Au soutien de ses demandes, M. [P] fait notamment valoir que les désordres ont été réservés à la réception, étaient donc apparents et qu'ils ne peuvent pas relever de la responsabilité décennale des constructeurs de l'article 1792 du code civil'; qu'en outre SBO était avait «'une pleine et entière connaissance de l'insuffisance acoustique et des nuisances sonores'». Il ajoute que sa responsabilité contractuelle du maître d''uvre ne peut pas être retenue : il n'a commis aucune faute dans l'exécution de ses missions. L'expert lui reproche de ne pas avoir eu recours à un bureau d'études acoustiques. Or M. [P] soutient avoir contacté un BET, mais n'avoir finalement pas donné suite en raison du refus oral formulé par le maître d'ouvrage, de sorte que seule SBO est responsable de cette absence d'intervention. M.[P] fait encore valoir que SBO a omis de lui fournir l'ensemble des informations relatives à l'exploitation de son activité et qu'il lui appartenait en tout état de cause de vérifier si son activité était autorisée par le règlement de copropriété. Il ajoute que le SDC s'étant opposé à la réalisation des travaux de reprise, le préjudice subi par SBO, qui doit être évalué au jour de la réparation, ne peut correspondre à l'intégralité des travaux de reprise et que son préjudice immatériel s'analyse en perte de chance et ne peut être, en tant que tel être qu'indemnisé partiellement.

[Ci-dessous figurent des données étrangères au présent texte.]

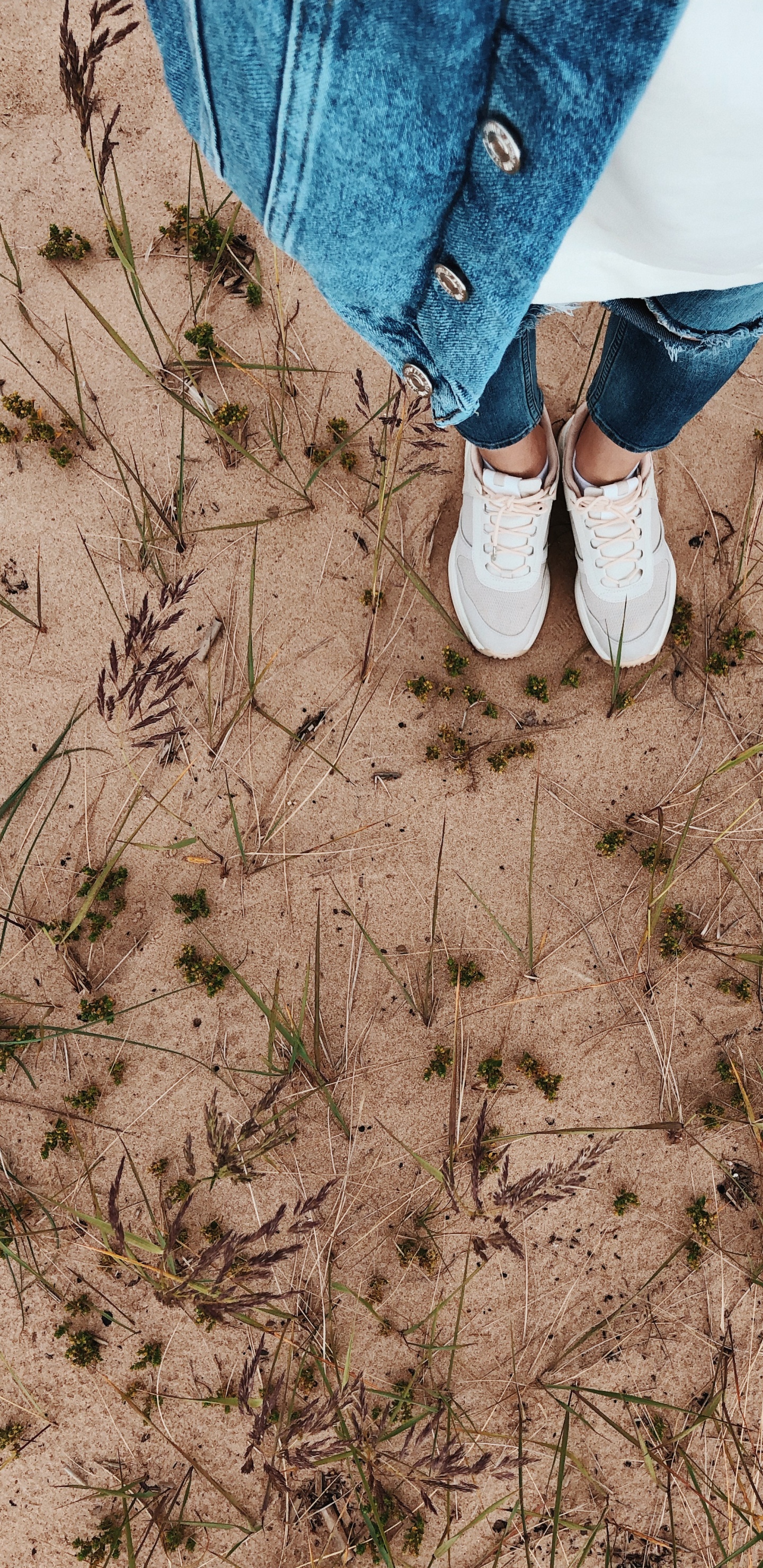 Обои почва, трава, брюки, джинсовая ткань, башмак в разрешении 1440x2960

2- Par conclusions récapitulatives du 5 octobre 2016, SBO ainsi que MM .[S] et [R] [I] demandent à la cour, sur la base du rapport d'expertise de M. [V] et au visa des articles 1792 et suivants et, subsidiairement des articles 1147 et suivants du code civil, de :
A titre principal,
-confirmer le jugement entrepris en ce qu'il a condamné in solidum M. [P] et la MAF à payer à la SARL STUDIO BANDE ORIGINALE, sur le fondement des dispositions des articles 1792 et suivants du code civil :
- 1.094.238,15 € HT au titre des travaux de reprise, avec actualisation en fonction de l'évolution de l'indice BT01 entre le 3 avril 2014 et le présent jugement,
- 39.280,80 € HT au titre des frais d'investigations exposés dans le cadre de l'expertise judiciaire,
- 87.539,05 € HT au titre des frais de maîtrise d''uvre des travaux de reprise,
- 35.800 € HT au titre des études acoustiques à réaliser en cours de chantier,
- 8.000 € au titre du contrôle technique,
-confirmer également le jugement en ce qu'il a condamné M. [P] in solidum avec la MAF à payer à SBO une indemnité au titre des préjudices financiers mais juger que cette indemnité sera portée à la somme de 836.700 €,
-condamner en conséquence in solidum M. [P] et la MAF à payer à SBO sur le fondement des dispositions des articles 1792 et suivants du code civil la somme de 836.700 €,
Subsidiairement,
-juger que M.[P] a commis une faute de nature contractuelle dans l'exécution de sa mission à l'égard de SBO et en conséquence le condamner in solidum avec la MAF aux mêmes montants susvisés soit les sommes de 1.084.238,15 € + 39.280,80 € + 87.539,05 € + 35.800 € + 8.000 € ainsi que la somme de 836.700 € sur le fondement des articles 1147 et suivants du code civil,
-réformer le jugement entrepris en ce qu'il a rejeté les demandes présentées au titre des frais de syndic et de la condamnation pénale,
-condamner en conséquence M. [P] et la MAF à payer à SBO ainsi qu'à M. [I], son gérant, la somme de 1.909,75 € et 4.250 €,
-condamner in solidum M. [P] et la MAF à payer à MM. [I] chacun la somme de 60.000 €, soit 120.000 € au total à titre de dommages et intérêts pour préjudice moral,
-constater que la MAF n'invoque aucun plafond de garantie, et juger en conséquence qu'elle sera tenue dans tous les cas, in solidum avec son sociétaire au paiement de toutes les condamnations prononcées,
-condamner in solidum M. [P] et la MAF à payer à SBO et MM. [I] une somme de 100.000 € au titre des dispositions de l'article 700 du code de procédure civile,
-condamner M. [P] et la MAF en tous les dépens de l'instance au fond mais également de l'instance en référé, lesquels dépens devant comprendre les frais d'expertise judiciaire ainsi qu'en tous les dépens de l'instance devant la cour d'appel avec recouvrement direct.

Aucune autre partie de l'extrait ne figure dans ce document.